Where consumers have a choice – Japan is the most obvious example – wireless data networks inhibit fibre uptake. But then NBN supporters point out users share wireless bandwidth and it is impractical for high-speed applications.

Or maybe not. Samsung’s 5G…

…it will not be your grandfather’s “shared and congested” wireless, given the antenna theory behind 5G essentially mimics a point-to-point network.

  • Grahame Lynch writing in CommsDay

The 28Ghz band is line-of-site and, apparently, difficult to work with. Samsung’s demo delivered 1Gbps, but only over 2 kilometres. In other words a practical 5G network means a lot of fibre will be laid to cell towers. Along the way it will pass a lot of homes and businesses.  So to some extent, a 5G roll-out could complement a fibre roll-out in New Zealand where Chorus connects homes and cell towers.

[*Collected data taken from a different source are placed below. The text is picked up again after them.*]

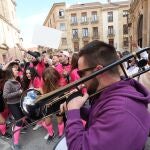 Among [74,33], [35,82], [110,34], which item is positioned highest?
[35,82]

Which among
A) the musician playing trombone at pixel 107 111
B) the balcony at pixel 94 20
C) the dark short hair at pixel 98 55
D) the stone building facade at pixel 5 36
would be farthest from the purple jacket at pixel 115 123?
the balcony at pixel 94 20

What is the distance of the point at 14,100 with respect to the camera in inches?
172

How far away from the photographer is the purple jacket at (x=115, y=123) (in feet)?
3.65

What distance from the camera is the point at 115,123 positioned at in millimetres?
1112

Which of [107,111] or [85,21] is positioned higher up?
[107,111]

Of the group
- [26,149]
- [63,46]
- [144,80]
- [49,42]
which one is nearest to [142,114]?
[144,80]

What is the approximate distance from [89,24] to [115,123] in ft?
161

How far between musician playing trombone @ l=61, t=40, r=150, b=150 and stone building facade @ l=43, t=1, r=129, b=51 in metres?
46.6

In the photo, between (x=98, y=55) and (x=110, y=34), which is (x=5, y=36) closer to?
(x=110, y=34)

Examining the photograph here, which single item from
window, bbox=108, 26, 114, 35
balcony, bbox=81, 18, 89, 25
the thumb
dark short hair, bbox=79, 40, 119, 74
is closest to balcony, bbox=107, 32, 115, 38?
window, bbox=108, 26, 114, 35

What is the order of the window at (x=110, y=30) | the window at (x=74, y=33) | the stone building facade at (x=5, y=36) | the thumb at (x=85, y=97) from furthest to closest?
the window at (x=74, y=33) → the window at (x=110, y=30) → the stone building facade at (x=5, y=36) → the thumb at (x=85, y=97)

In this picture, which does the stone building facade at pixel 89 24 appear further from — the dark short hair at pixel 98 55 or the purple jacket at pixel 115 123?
the purple jacket at pixel 115 123

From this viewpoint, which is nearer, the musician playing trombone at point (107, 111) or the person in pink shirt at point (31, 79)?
the musician playing trombone at point (107, 111)

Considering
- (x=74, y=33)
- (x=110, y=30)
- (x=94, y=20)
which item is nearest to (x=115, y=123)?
(x=74, y=33) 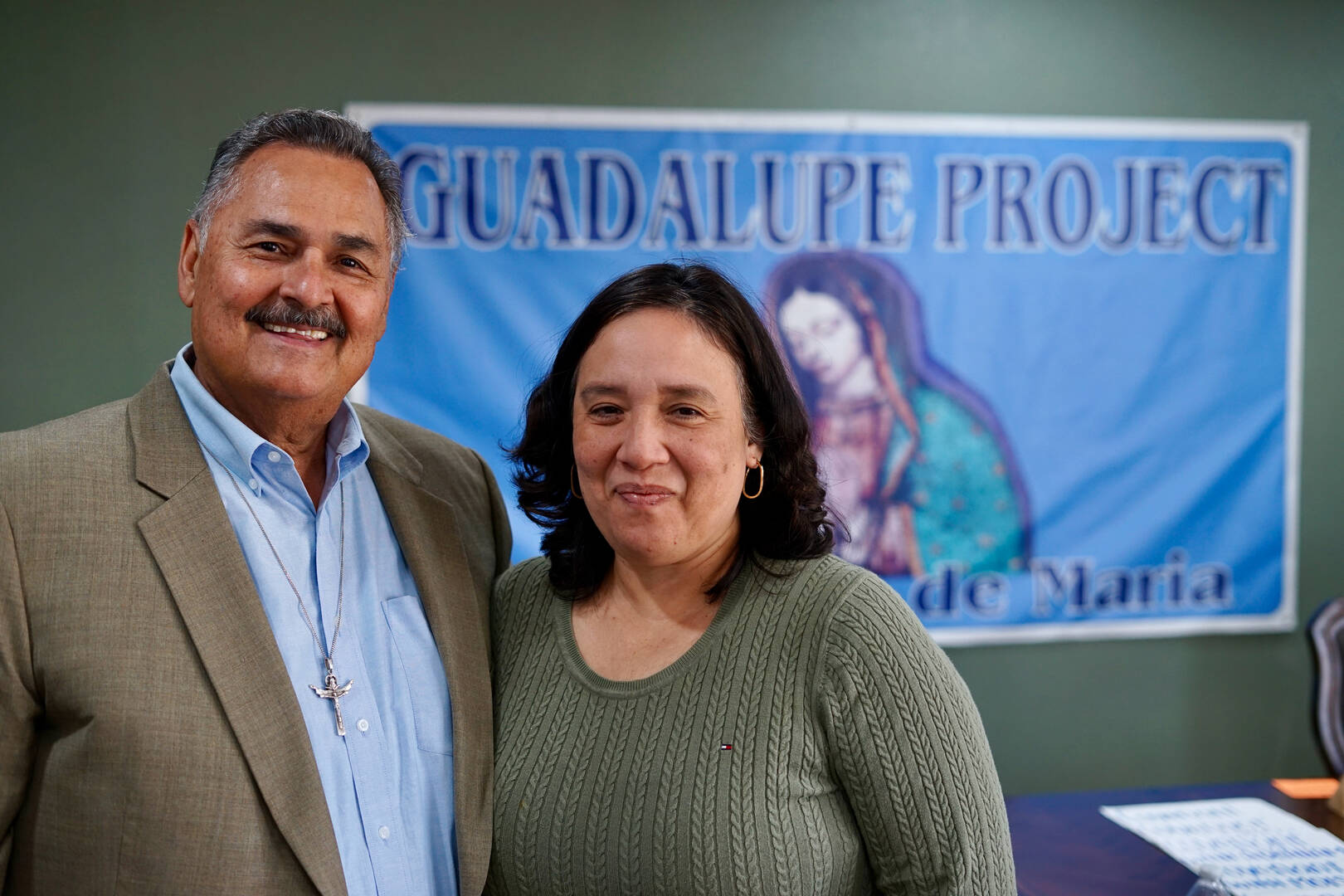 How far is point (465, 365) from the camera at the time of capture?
330 centimetres

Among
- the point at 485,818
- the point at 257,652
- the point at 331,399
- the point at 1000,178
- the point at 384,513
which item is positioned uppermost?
the point at 1000,178

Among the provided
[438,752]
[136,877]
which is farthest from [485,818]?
[136,877]

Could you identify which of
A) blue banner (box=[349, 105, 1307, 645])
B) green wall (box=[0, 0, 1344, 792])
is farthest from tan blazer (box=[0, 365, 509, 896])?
green wall (box=[0, 0, 1344, 792])

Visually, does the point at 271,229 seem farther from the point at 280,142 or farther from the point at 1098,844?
the point at 1098,844

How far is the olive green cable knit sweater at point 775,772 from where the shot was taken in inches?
54.1

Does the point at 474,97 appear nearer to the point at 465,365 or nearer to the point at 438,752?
the point at 465,365

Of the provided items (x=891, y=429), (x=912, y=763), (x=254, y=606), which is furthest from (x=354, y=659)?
(x=891, y=429)

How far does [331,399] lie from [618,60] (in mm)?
2263

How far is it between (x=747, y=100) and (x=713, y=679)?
8.05 feet

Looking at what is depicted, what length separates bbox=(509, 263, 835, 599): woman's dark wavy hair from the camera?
1.54 m

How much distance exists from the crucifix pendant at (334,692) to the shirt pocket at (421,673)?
118mm

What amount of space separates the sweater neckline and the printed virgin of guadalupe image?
74.8 inches

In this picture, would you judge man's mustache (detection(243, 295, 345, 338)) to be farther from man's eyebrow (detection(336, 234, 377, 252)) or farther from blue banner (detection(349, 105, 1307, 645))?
blue banner (detection(349, 105, 1307, 645))

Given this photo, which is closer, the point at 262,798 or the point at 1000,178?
the point at 262,798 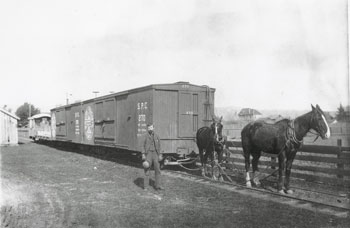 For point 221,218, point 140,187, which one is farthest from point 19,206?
point 221,218

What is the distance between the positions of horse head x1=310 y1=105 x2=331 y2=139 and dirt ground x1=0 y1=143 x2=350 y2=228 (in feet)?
6.72

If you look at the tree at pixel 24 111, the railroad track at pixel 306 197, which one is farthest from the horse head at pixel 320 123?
the tree at pixel 24 111

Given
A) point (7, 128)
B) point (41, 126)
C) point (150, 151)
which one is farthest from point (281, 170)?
point (41, 126)

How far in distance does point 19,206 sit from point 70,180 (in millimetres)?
3737

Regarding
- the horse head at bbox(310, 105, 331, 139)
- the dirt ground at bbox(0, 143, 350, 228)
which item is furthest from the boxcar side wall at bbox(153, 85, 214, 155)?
the horse head at bbox(310, 105, 331, 139)

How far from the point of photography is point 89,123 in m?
20.3

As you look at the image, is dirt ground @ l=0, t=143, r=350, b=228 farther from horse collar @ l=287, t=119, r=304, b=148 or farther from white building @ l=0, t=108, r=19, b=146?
white building @ l=0, t=108, r=19, b=146

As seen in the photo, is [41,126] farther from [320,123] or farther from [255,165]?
[320,123]

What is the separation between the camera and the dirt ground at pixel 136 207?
251 inches

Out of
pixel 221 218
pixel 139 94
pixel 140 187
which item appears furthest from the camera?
pixel 139 94

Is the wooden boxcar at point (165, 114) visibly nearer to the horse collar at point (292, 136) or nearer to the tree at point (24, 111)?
the horse collar at point (292, 136)

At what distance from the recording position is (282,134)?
9.17 meters

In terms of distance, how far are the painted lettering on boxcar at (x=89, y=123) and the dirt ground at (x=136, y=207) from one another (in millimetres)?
8574

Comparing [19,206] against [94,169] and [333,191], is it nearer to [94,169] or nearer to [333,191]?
[94,169] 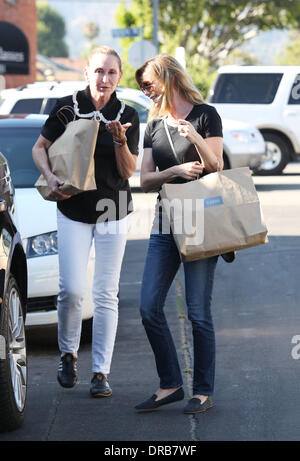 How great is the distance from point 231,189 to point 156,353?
3.14 feet

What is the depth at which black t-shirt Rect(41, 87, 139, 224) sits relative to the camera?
5.48 metres

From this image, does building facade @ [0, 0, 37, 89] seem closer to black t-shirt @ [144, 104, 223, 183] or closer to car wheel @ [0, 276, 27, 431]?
black t-shirt @ [144, 104, 223, 183]

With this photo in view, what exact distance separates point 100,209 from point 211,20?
39898mm

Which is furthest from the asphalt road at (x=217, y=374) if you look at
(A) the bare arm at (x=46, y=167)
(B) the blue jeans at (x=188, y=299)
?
(A) the bare arm at (x=46, y=167)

Australia’s market is so comprehensively distorted by the government’s NBN project that the prospects for any alternative network are effectively at the government’s whim. If 5G challenged NBN, officials could simply strangle it in its infancy with a little careful policy bastardry.

New Zealand’s telecommunications market isn’t perfect, but when it comes to politics intersects with technology, few here steal jealous glances across the Tasman.

7 thoughts on “Australia’s dysfunctional fibre v wireless debate

  1. This is a prime example of people talking about sheet they don’t understand. Samsung’s demo was important because of the wavelength of the frequency and higher wireless speeds have been achieved over greater distances years before.

    What see being the best evolution of wireless networks is drawing from the fibre. So you’d have access points and dishes all around which create small networks (the networks Samsung is trying out, or similar) which route the traffic through fibre to it’s end-point. This would reduce clutter in the networks (as a ‘tower’ would be serving maybe 300 people peak instead of thousands over kilometres) and increase reliability and up-time (if spread out intelligently enough you can almost have complete overlap over a few bands so you can switch between).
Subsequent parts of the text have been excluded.